For the entries below, print exactly the lines between the line holding "Bye Bye Kita" and the line holding "Heavy Duty Adjustable", inclusive, and nothing else.
** Data shown follows **
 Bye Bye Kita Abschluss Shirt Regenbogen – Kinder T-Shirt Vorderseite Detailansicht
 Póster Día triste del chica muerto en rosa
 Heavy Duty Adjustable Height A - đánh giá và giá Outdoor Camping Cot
** End of Data shown **
** Data shown follows **
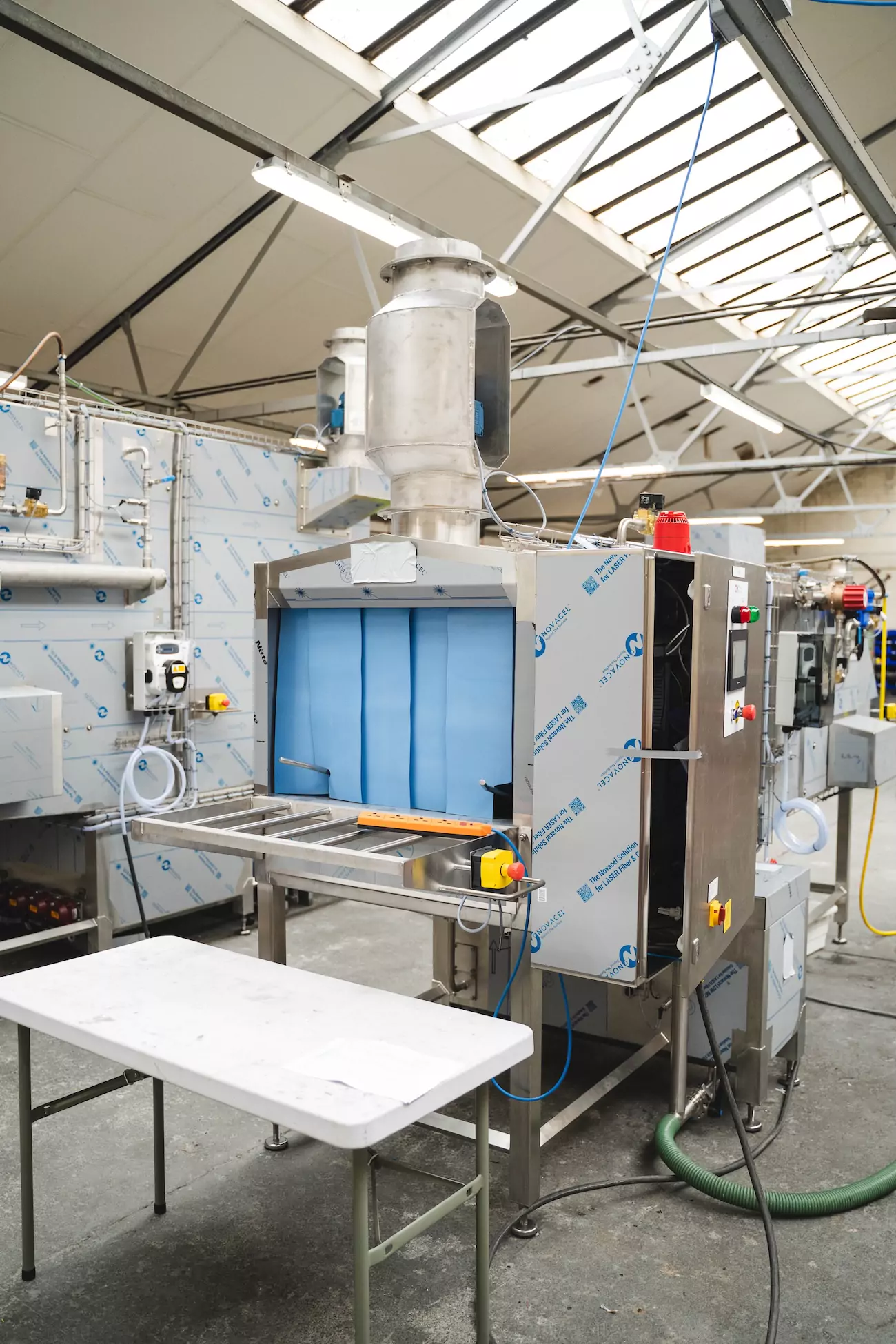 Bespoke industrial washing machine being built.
** End of Data shown **
** Data shown follows **
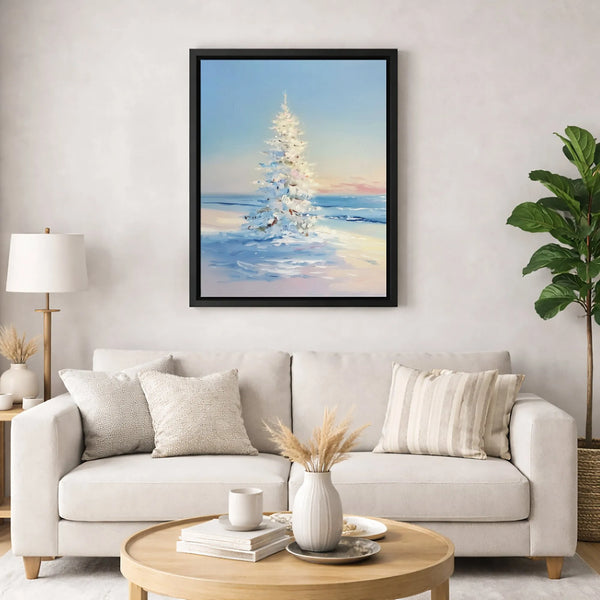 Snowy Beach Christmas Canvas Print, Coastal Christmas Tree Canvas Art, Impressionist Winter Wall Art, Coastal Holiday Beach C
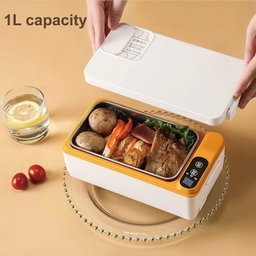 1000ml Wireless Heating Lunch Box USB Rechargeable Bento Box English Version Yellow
** End of Data shown **
Solution to the problem ->
 Bye Bye Kita Abschluss Shirt Regenbogen – Kinder T-Shirt Vorderseite Detailansicht
 Póster Día triste del chica muerto en rosa
 Heavy Duty Adjustable Height A - đánh giá và giá Outdoor Camping Cot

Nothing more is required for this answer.